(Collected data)
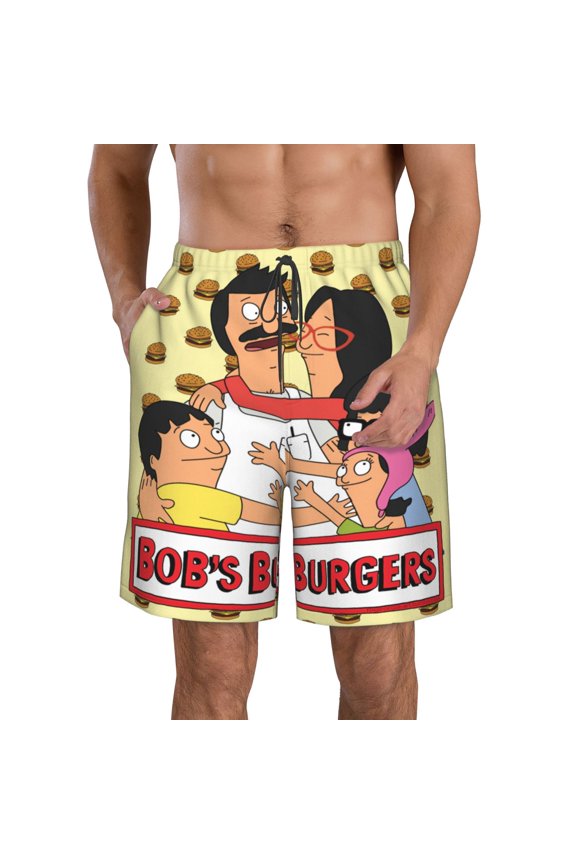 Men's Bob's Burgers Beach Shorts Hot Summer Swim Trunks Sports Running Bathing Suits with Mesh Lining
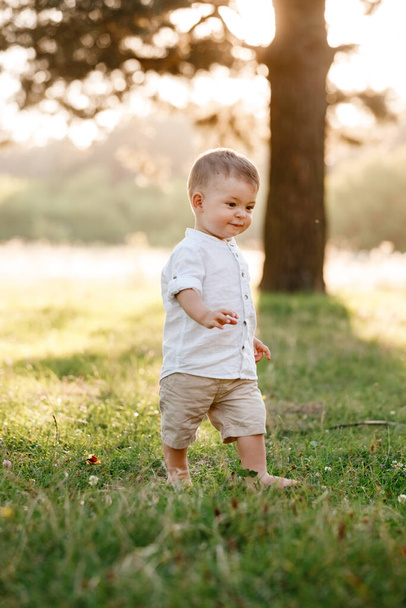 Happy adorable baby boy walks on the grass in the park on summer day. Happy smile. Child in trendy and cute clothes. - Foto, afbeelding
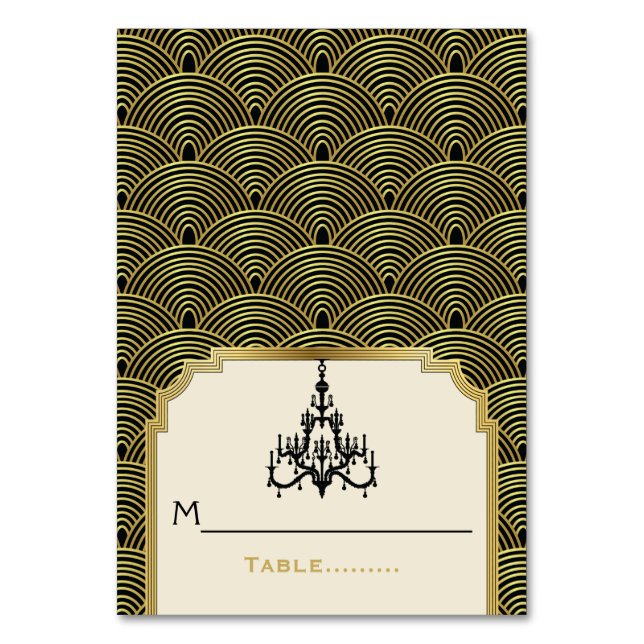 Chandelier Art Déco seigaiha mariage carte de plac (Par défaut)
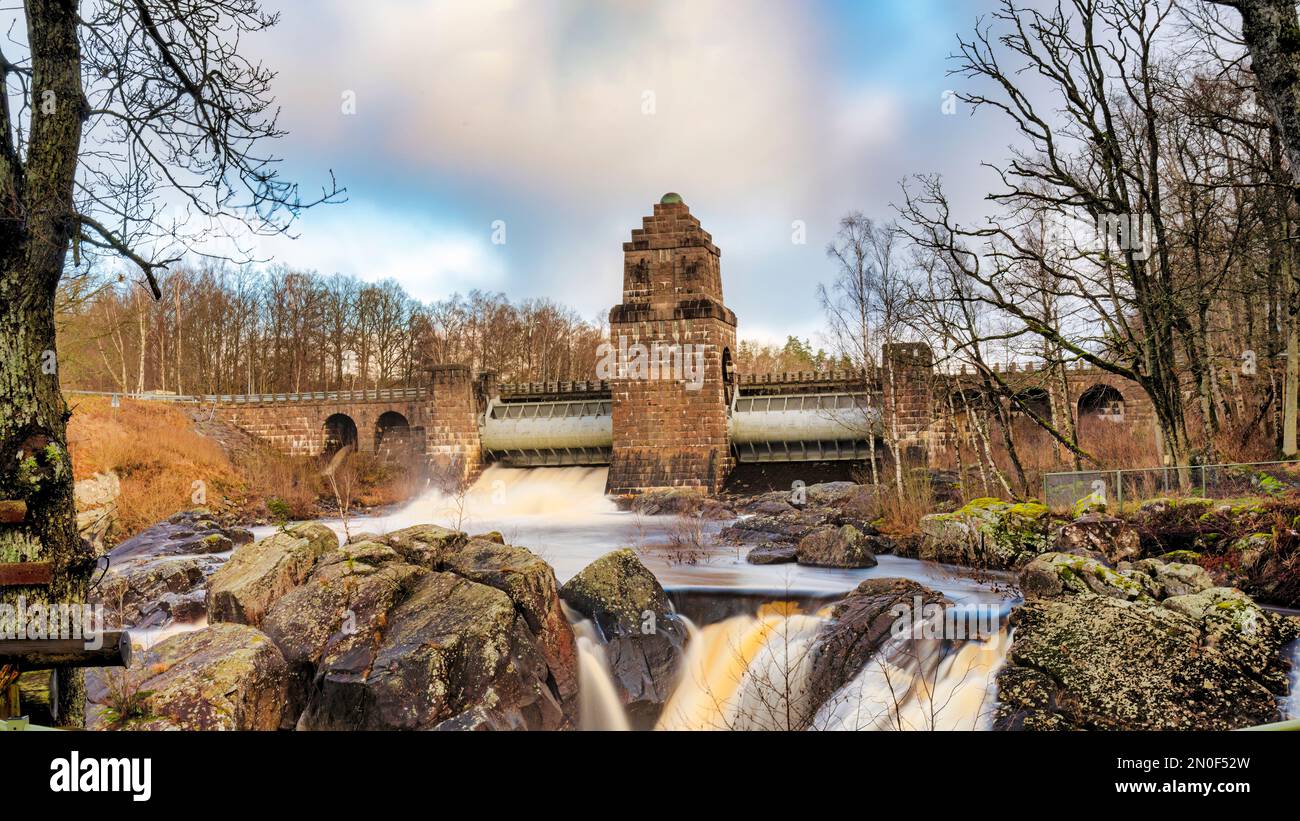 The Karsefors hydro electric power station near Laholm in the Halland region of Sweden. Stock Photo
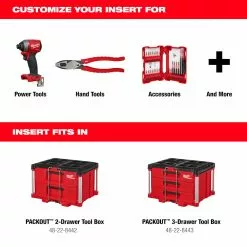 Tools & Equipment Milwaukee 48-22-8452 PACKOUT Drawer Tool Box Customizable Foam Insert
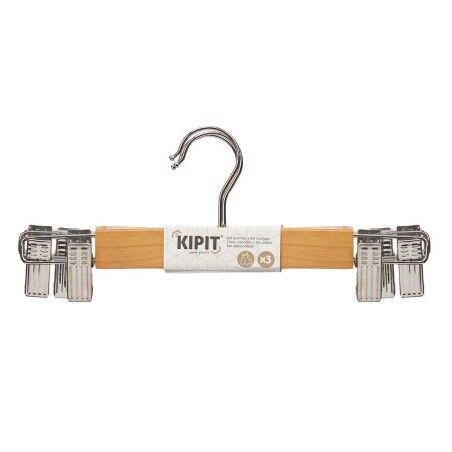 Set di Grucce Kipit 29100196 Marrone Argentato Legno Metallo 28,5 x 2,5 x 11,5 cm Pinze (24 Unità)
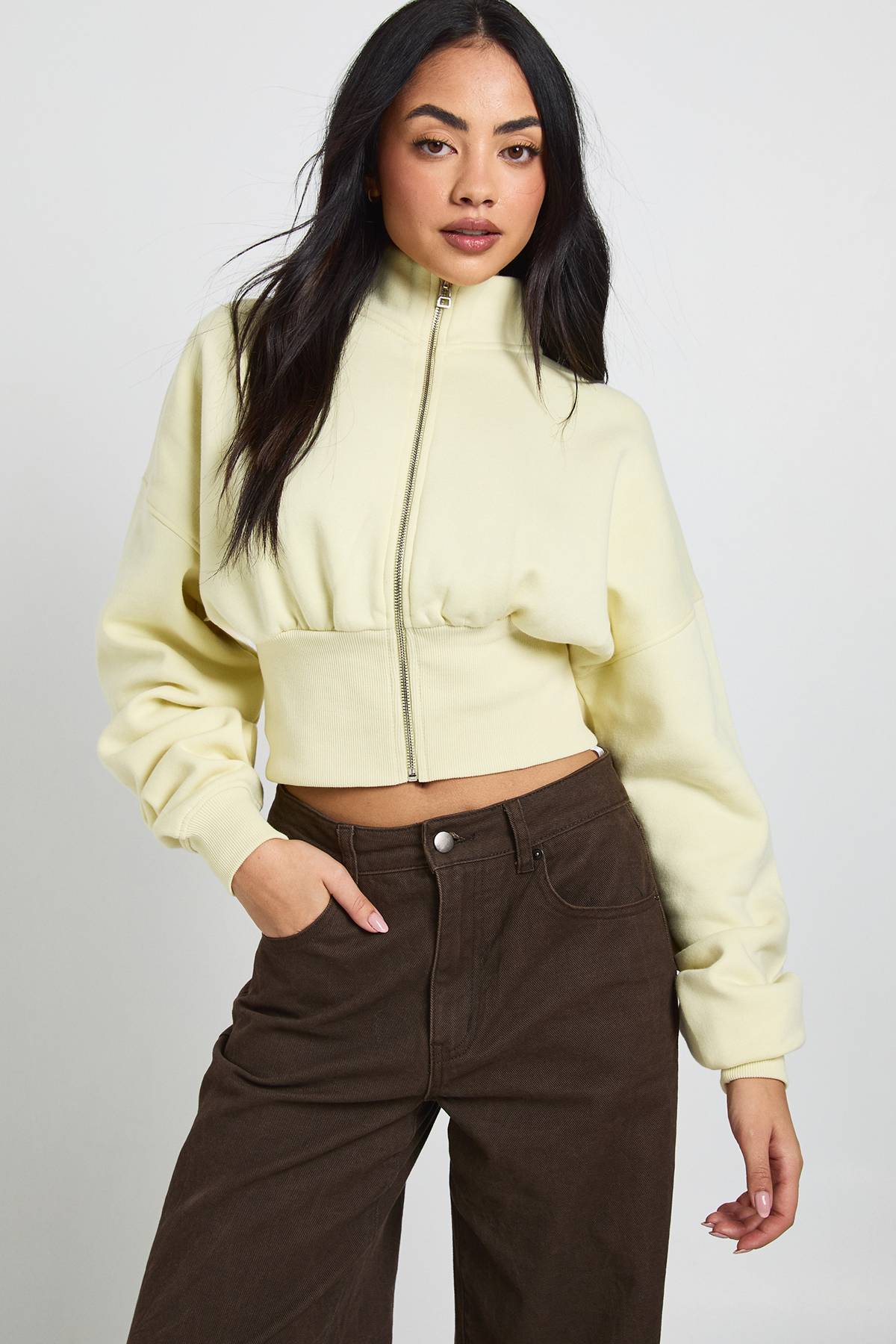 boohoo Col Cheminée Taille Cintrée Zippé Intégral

TASK TO CARRY OUT = Output the entries above verbatim. Omit the images.

RESULT OF THE EXERCISE =
 Men's Bob's Burgers Beach Shorts Hot Summer Swim Trunks Sports Running Bathing Suits with Mesh Lining
 Happy adorable baby boy walks on the grass in the park on summer day. Happy smile. Child in trendy and cute clothes. - Foto, afbeelding
 Chandelier Art Déco seigaiha mariage carte de plac (Par défaut)
 The Karsefors hydro electric power station near Laholm in the Halland region of Sweden. Stock Photo
 Tools & Equipment Milwaukee 48-22-8452 PACKOUT Drawer Tool Box Customizable Foam Insert
 Set di Grucce Kipit 29100196 Marrone Argentato Legno Metallo 28,5 x 2,5 x 11,5 cm Pinze (24 Unità)
 boohoo Col Cheminée Taille Cintrée Zippé Intégral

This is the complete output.